Elsevier

Pervasive and Mobile Computing

Volume 24, December 2015, Pages 129-137
Pervasive and Mobile Computing

Secure multi-server-aided data deduplication in cloud computing

https://doi.org/10.1016/j.pmcj.2015.03.002Get rights and content

Abstract

Cloud computing enables on-demand and ubiquitous access to a centralized pool of configurable resources such as networks, applications, and services. This makes that huge of enterprises and individual users outsource their data into the cloud server. As a result, the data volume in the cloud server is growing extremely fast. How to efficiently manage the ever-increasing datum is a new security challenge in cloud computing. Recently, secure deduplication techniques have attracted considerable interests in the both academic and industrial communities. It can not only provide the optimal usage of the storage and network bandwidth resources of cloud storage providers, but also reduce the storage cost of users. Although convergent encryption has been extensively adopted for secure deduplication, it inevitably suffers from the off-line brute-force dictionary attacks since the message usually can be predictable in practice. In order to address the above weakness, the notion of DupLESS was proposed in which the user can generate the convergent key with the help of a key server. We argue that the DupLESS does not work when the key server is corrupted by the cloud server. In this paper, we propose a new multi-server-aided deduplication scheme based on the threshold blind signature, which can effectively resist the collusion attack between the cloud server and multiple key servers. Furthermore, we prove that our construction can achieve the desired security properties.

Introduction

Cloud computing, the long dreamed vision of computing as a utility, has plenty of benefits for real-world applications such as on-demand self-service, ubiquitous network access, location independent resource pooling, rapid resource elasticity, usage-based pricing, and outsourcing computation. With the rapid advances of cloud computing, plenty of enterprises and individual users outsource their sensitive data into the cloud storage provider (e.g. Dropbox  [1], Google Drive  [2]), in which they can enjoy high quality data storage and computing services in a ubiquitous manner, while reducing the burden of data storage and maintenance. As a result, the data volume of storage provider (CSP) is growing much rapidly in recent years, especially when we have entered into the era of big data. According to the analysis of IDC  [3], the volume of data in the world is expected to reach 40 trillion gigabytes in 2020. Therefore, one critical challenge of cloud storage provider (CSP) is how to efficiently manage the ever-increasing datum.
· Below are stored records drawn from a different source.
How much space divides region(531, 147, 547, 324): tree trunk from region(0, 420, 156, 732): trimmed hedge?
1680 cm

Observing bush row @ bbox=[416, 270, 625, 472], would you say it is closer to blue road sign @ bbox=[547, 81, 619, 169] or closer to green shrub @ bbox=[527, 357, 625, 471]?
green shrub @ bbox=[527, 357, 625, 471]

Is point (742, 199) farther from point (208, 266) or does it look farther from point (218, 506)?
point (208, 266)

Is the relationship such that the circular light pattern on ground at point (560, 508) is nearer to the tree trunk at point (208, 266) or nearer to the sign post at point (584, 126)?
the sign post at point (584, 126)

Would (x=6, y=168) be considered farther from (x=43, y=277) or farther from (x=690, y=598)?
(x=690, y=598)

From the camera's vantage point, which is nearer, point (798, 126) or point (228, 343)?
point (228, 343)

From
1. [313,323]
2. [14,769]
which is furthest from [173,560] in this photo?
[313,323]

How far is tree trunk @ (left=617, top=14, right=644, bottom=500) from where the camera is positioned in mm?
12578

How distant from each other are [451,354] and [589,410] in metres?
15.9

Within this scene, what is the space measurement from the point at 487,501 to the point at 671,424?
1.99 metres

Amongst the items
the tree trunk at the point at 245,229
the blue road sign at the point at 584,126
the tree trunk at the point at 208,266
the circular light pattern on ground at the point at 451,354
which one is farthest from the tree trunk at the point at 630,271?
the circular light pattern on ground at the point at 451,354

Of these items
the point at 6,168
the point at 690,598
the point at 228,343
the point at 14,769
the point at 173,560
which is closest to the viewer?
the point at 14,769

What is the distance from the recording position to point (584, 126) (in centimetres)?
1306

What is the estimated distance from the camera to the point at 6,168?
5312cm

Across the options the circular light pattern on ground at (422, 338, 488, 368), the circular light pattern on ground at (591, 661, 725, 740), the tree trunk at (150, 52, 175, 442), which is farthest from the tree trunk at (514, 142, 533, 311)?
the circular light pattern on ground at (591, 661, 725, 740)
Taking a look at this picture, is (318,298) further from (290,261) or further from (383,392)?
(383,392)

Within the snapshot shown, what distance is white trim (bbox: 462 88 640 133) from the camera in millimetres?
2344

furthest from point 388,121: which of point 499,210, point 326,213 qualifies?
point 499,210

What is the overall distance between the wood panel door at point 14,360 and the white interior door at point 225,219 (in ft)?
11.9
As a promising primitive, deduplication  [4] has attracted more and more attentions from both academic and industrial community. Data deduplication is a specialized data compression technique for eliminating duplicate copies of repeating data. This technique is used to improve storage utilization and can also be applied to network data transfers to reduce the number of bytes that must be sent  [5]. In the process of deduplication, the CSP keeps only one copy for the identical data file. More specifically, the CSP performs the store operation for a data file upon received the first upload request. For the subsequent upload requests, a link from the uploading user to the original data copy will be assigned to him. This ensures that each data file can be stored only as one copy in the server. In the scenario of high data redundancy, deduplication can be used to effectively reduce data storage space and communication overhead.
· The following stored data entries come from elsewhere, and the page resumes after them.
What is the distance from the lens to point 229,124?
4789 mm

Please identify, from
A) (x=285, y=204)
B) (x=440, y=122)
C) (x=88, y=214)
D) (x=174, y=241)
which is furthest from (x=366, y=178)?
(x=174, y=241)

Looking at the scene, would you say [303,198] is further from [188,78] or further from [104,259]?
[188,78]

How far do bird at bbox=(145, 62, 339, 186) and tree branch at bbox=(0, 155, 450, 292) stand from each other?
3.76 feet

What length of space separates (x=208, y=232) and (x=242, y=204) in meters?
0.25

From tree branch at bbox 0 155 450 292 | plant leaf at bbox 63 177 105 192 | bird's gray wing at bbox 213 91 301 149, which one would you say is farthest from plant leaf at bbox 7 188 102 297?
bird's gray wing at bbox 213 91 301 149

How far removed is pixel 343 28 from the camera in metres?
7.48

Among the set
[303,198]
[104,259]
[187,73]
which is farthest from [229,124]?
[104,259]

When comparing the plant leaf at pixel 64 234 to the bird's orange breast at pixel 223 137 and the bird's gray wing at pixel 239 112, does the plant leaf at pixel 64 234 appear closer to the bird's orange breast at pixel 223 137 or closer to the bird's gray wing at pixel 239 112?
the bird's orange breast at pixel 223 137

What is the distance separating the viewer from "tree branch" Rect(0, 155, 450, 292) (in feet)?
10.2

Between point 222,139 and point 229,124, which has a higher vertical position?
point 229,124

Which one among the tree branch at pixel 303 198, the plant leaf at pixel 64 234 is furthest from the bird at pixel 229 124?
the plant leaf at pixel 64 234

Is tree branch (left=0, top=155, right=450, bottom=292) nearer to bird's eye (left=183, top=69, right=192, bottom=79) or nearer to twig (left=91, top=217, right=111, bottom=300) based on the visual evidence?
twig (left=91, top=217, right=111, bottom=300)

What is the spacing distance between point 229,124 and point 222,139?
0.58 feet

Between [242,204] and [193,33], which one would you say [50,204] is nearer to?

Despite the tremendous benefits, deduplication with sensitive data also suffers from some new security challenges. Specifically, to protect the confidentiality of outsourced data, it will be performed encryption operation before outsourcing. Nevertheless, conventional encryption techniques require that the identical data is encrypted by different users with their own keys, which cause different ciphertexts corresponding to the same plaintext. Thus, it makes cross-user deduplication impossible. To tackle this incompatibility issue, Douceur et al.  [6] firstly introduced the notion of convergent encryption. It uses a convergent key deriving from the cryptographic hash value of data content to perform encryption/decryption operations on data copy. That is, given a data file F, the user first computes the convergent key K=H(F), where H() is a one-way collision-resistant hash function. Then, he encrypts F to obtain the ciphertext C=E(K,F). Since E is a deterministic symmetric encryption scheme, all the users with the identical data can generate the identical convergent key and corresponding ciphertext. This allows the CSP to perform deduplication on the ciphertexts in the cross-user setting.
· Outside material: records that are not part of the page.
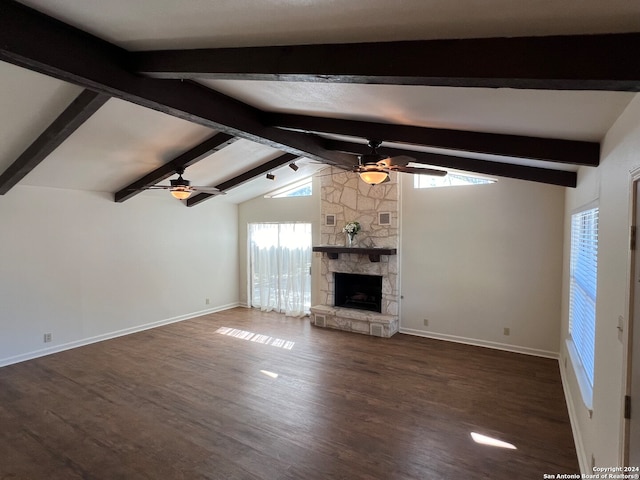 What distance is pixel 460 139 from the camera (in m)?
2.96

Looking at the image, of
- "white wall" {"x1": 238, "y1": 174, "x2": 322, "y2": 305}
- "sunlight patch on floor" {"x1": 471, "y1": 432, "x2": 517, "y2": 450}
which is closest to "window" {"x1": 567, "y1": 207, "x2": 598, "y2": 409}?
"sunlight patch on floor" {"x1": 471, "y1": 432, "x2": 517, "y2": 450}

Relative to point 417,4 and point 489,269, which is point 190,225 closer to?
point 489,269

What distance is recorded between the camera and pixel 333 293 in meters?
6.76

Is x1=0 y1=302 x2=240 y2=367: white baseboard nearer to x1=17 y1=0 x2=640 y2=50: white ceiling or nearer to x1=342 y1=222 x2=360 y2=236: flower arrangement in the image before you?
x1=342 y1=222 x2=360 y2=236: flower arrangement

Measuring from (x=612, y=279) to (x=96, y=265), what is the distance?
21.8ft

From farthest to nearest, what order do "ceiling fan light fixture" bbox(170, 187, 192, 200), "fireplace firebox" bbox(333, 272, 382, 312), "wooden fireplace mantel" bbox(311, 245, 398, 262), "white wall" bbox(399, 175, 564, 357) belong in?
"fireplace firebox" bbox(333, 272, 382, 312)
"wooden fireplace mantel" bbox(311, 245, 398, 262)
"white wall" bbox(399, 175, 564, 357)
"ceiling fan light fixture" bbox(170, 187, 192, 200)

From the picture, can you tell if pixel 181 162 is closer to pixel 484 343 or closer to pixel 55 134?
pixel 55 134

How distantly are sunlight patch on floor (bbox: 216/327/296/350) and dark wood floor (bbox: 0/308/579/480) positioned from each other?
0.10m

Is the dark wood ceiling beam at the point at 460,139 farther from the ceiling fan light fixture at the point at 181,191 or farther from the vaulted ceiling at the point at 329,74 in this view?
the ceiling fan light fixture at the point at 181,191

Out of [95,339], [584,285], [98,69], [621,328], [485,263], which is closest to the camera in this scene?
[621,328]

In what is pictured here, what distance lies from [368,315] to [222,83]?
4.53m

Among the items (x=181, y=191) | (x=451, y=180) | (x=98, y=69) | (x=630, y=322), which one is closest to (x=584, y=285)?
(x=630, y=322)

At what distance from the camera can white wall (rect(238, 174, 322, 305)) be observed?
7160 mm

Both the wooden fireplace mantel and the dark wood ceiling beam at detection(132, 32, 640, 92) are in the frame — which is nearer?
the dark wood ceiling beam at detection(132, 32, 640, 92)
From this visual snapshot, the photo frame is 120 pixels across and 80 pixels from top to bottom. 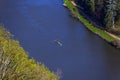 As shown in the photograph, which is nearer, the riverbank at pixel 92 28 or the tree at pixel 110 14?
the riverbank at pixel 92 28

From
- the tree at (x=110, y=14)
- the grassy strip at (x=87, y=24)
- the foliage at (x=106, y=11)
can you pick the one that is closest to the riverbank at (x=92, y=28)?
the grassy strip at (x=87, y=24)

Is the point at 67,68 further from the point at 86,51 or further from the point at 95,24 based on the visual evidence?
the point at 95,24

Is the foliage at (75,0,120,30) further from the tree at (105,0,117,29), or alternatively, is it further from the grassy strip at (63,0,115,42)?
the grassy strip at (63,0,115,42)

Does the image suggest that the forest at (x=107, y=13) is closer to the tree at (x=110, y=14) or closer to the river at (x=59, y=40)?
the tree at (x=110, y=14)

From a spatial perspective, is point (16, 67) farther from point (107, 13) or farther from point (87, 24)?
point (87, 24)

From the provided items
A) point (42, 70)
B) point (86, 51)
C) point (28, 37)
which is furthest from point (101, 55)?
point (42, 70)

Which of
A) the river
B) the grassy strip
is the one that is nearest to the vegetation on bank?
the river

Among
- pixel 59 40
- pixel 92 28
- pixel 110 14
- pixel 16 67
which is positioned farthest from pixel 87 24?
pixel 16 67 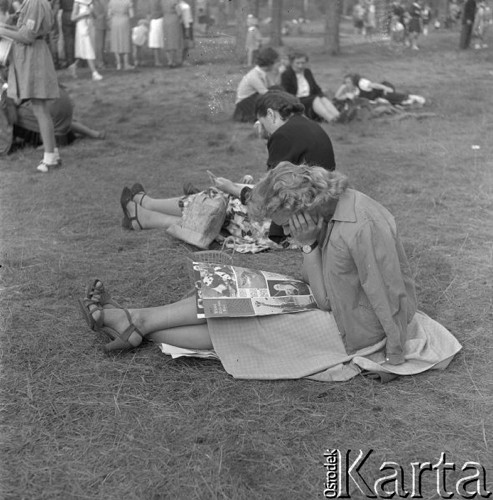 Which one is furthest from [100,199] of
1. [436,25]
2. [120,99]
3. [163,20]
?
[436,25]

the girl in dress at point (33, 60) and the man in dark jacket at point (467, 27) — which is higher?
the girl in dress at point (33, 60)

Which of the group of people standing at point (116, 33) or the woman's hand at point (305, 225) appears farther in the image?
the group of people standing at point (116, 33)

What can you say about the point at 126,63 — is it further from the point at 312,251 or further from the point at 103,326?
the point at 312,251

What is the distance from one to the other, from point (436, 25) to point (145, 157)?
80.4 feet

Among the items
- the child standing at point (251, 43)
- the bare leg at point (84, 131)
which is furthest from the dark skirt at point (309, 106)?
the child standing at point (251, 43)

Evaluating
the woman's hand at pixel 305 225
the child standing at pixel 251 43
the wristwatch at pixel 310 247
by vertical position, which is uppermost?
the woman's hand at pixel 305 225

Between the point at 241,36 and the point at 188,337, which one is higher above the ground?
the point at 241,36

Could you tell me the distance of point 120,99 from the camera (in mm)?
12398

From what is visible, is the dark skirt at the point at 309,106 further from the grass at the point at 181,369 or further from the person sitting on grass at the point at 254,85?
the grass at the point at 181,369

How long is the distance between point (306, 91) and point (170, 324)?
7465mm

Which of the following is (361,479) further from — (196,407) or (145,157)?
(145,157)

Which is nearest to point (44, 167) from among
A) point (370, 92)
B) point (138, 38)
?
point (370, 92)

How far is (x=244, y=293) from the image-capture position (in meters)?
3.69

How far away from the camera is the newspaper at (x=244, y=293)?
3588 millimetres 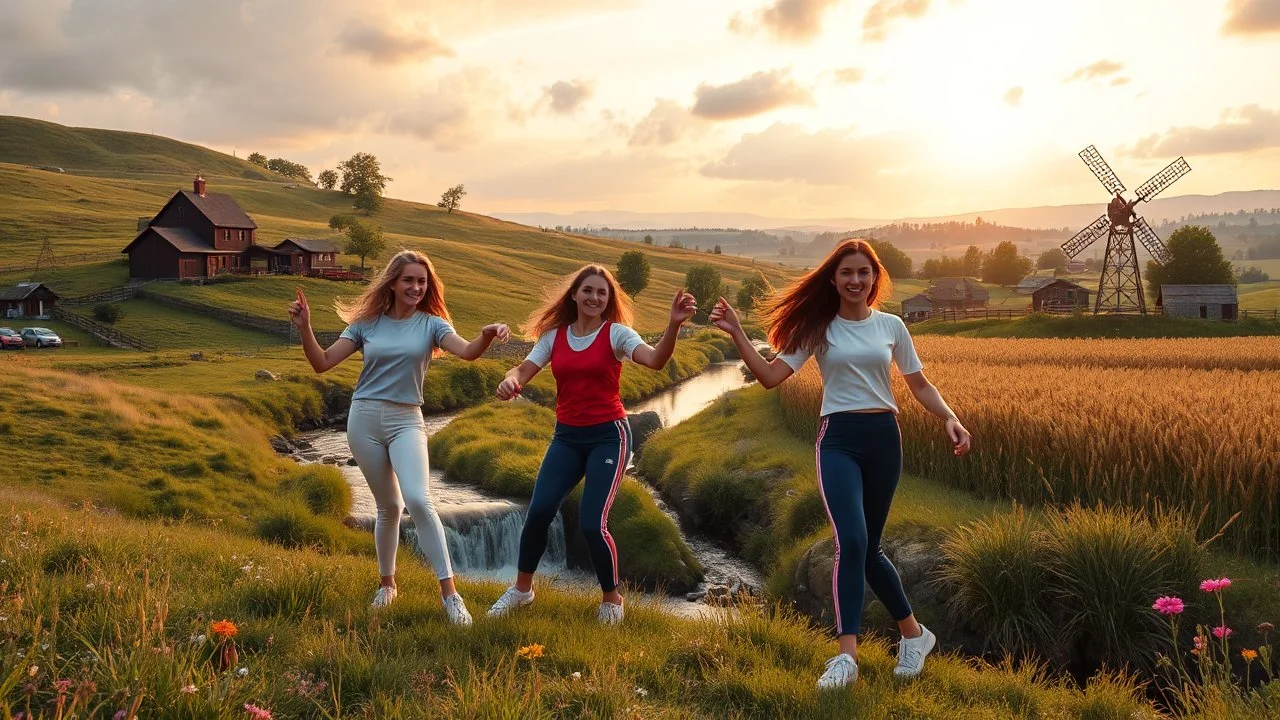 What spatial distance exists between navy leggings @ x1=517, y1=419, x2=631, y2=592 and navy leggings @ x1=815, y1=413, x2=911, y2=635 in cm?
168

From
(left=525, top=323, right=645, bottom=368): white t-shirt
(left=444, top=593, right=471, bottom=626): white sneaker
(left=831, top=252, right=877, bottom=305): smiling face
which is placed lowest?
(left=444, top=593, right=471, bottom=626): white sneaker

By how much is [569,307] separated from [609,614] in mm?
2684

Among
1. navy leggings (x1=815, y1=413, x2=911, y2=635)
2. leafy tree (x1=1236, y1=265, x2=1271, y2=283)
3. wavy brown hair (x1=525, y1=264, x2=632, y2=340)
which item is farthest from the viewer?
leafy tree (x1=1236, y1=265, x2=1271, y2=283)

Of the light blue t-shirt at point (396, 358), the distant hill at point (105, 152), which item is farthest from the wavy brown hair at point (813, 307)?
the distant hill at point (105, 152)

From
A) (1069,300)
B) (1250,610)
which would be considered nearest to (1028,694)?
(1250,610)

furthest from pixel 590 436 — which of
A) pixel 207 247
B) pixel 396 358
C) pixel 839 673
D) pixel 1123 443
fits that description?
pixel 207 247

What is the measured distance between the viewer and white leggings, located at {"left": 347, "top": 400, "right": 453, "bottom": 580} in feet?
22.8

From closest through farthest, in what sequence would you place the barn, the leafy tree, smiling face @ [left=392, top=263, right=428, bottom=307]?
smiling face @ [left=392, top=263, right=428, bottom=307]
the barn
the leafy tree

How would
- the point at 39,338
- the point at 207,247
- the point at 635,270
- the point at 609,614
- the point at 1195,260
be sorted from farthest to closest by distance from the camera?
the point at 635,270 < the point at 1195,260 < the point at 207,247 < the point at 39,338 < the point at 609,614

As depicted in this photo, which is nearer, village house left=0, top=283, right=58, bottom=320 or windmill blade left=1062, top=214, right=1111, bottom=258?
village house left=0, top=283, right=58, bottom=320

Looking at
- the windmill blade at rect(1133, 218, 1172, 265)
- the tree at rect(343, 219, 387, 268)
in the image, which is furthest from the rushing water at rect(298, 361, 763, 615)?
the tree at rect(343, 219, 387, 268)

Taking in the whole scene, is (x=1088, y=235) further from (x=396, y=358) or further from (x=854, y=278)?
(x=396, y=358)

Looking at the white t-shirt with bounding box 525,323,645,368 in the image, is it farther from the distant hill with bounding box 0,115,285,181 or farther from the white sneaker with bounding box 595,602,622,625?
the distant hill with bounding box 0,115,285,181

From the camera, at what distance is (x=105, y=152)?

However, convergent encryption is vulnerable to the off-line brute-force attack. That is because that the plaintext space of the given ciphertext C is not big enough (The message is often predictable  [7].). Hence, any attacker can learn the corresponding plaintext information by performing the encryption with all possible plaintexts in the off-line phase (note that the encryption scheme E is deterministic and the convergent key K is only depended on the data file F). To address this issue, Bellare et al.  [7] designed a more secure deduplication system called DupLESS. In DupLESS, the user generates his own convergent key with the aid of the key server (KS), where the convergent key involves into the private key of the KS by performing blind signature between the user and KS. We argue that the DupLESS system does not work when the CSP colludes with the KS. The reason is that the attacker can obtain ciphertext and the convergent key simultaneously. Recently, Duan  [8] presented a novel distributed encrypted deduplication scheme. In their construction, before uploading a file, user generates the convergent key based on threshold signature technique with the assist of other users. Moreover, a trusted dealer must be included in their scheme to distribute key shares for users. We argue that the trusted dealer works as the similar role of the key server in DupLESS, which is easy vulnerable to the single points of failure. To the best of our knowledge, it seems that there is no effective deduplication scheme that can fully resist the brute-force attack.

In this paper, we present a solution on how to design a deduplication scheme can resist the brute force attack. Motivated by reducing the trust assumption on the KS, a multi-key servers deduplication scheme is proposed based on the basic idea of threshold blind signature. Our contributions are two folds as follows:

  • We propose a new multi-server-aided deduplication scheme based on the decentralized threshold blind signature, in which each user generates convergent key by interaction with multiple key servers. Furthermore, any partial key servers cannot acquire knowledge of the distributed secret key among all key servers.

  • Security analysis shows that the proposed scheme is secure in terms of the proposed security model, while can resist brute force attack even if a limited number of key servers are corrupted.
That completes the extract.